Fiscal expenditure is expected to accelerate the implementation, the construction of municipal parks and transportation account for a relatively high proportion, and the sustainability of new infrastructure and clean energy projects is strong. 1) The progress of special bond issuance this year is ahead, similar to that in 2019; From January to February, the financial deposit increased by 1185.1 billion yuan compared with December. The increase amount reached the highest in the past five years, and the surplus financial resources were abundant. The decision-making level required to form the physical workload as soon as possible, increase efforts in time, and study the new plan. The financial expenditure is expected to accelerate the landing. At present, traditional infrastructure is still the main part of infrastructure construction. Municipal park construction and transportation account for a high proportion of the new special debt in 2022q1. It is recommended to pay attention to it. 2) Combined with the government work report, the deployment of the national Standing Committee and the direction of credit investment, new infrastructure such as digital information construction and green projects such as clean energy are expected to be more sustainable.

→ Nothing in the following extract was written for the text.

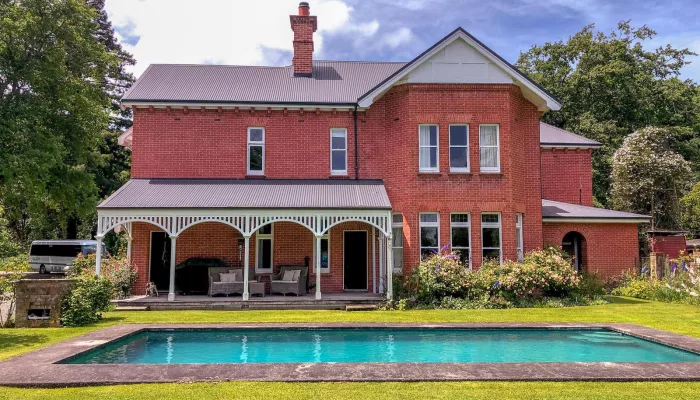 Akaunui Homestead with swimming pool and garden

Overseas: Europe and the United States overweight sanctions, the Federal Reserve may start to shrink its watch in May. 1) Europe and the United States continue to increase sanctions against Russia. On the 6th local time, the US Senate reached an agreement to cancel the normal trade relations between the country and Russia. On April 7, representatives of 27 member states of the European Union decided to impose a new round of sanctions on Russia, including an embargo on Russian coal. 2) The minutes of the Federal Reserve's interest rate meeting in March showed that events such as the conflict between Russia and Ukraine had an impact on the economy, and only raised interest rates by 25bp in March; In May, the Federal Reserve has a high probability of raising interest rates by 50bp, and there may be another 50bp interest rate increase after May; The Fed's table reduction ceiling is 95 billion per month, which can be implemented as early as after the interest rate meeting in May.

Market: the external situation is disturbed, the market is closed on holidays, and the capital sentiment is low. The net outflow of funds from the north this week was - 6.6 billion yuan. After the significant recovery last week and the net inflow exceeded 20 billion yuan, it turned to net outflow again under the influence of external tensions. The follow-up market changes still need to keep an eye on the latest progress of China us, Russia and Ukraine relations; The overall net inflow of Liangrong was RMB 1.3 billion, and the transaction volume accounted for 7% of the total a transaction volume. There was no further warming trend in sentiment. In the direction of the industry, architectural decoration has won the consensus of the two capital subjects, while pharmaceutical biology is facing common sales. The two capital entities are still in a divergent situation as a whole, including power equipment, banking and other industries.

Industry allocation suggestions: focus on strategic security and grasp the opportunities of steady growth, strategic resources and independent control. a. Policy driven steady growth: 1) real estate development; 2) Building construction; 3) Consumption of building materials. b. Strategic resources: 1) coal; 2) Oil and gas, oil service and oil transportation; 3) Gold; 4) Industrial metals; 5) Energy metals; 6) Grain Shenzhen Agricultural Products Group Co.Ltd(000061) . c. Self controlled long-term track: 1) wind power & Photovoltaic & nuclear power; 2) Semiconductor equipment and materials; 3) Military industry.

Risk tip: the conflict between Russia and Ukraine exceeded expectations, the persistence of inflation exceeded expectations, the tightening of liquidity exceeded expectations, and the epidemic repeatedly exceeded expectations.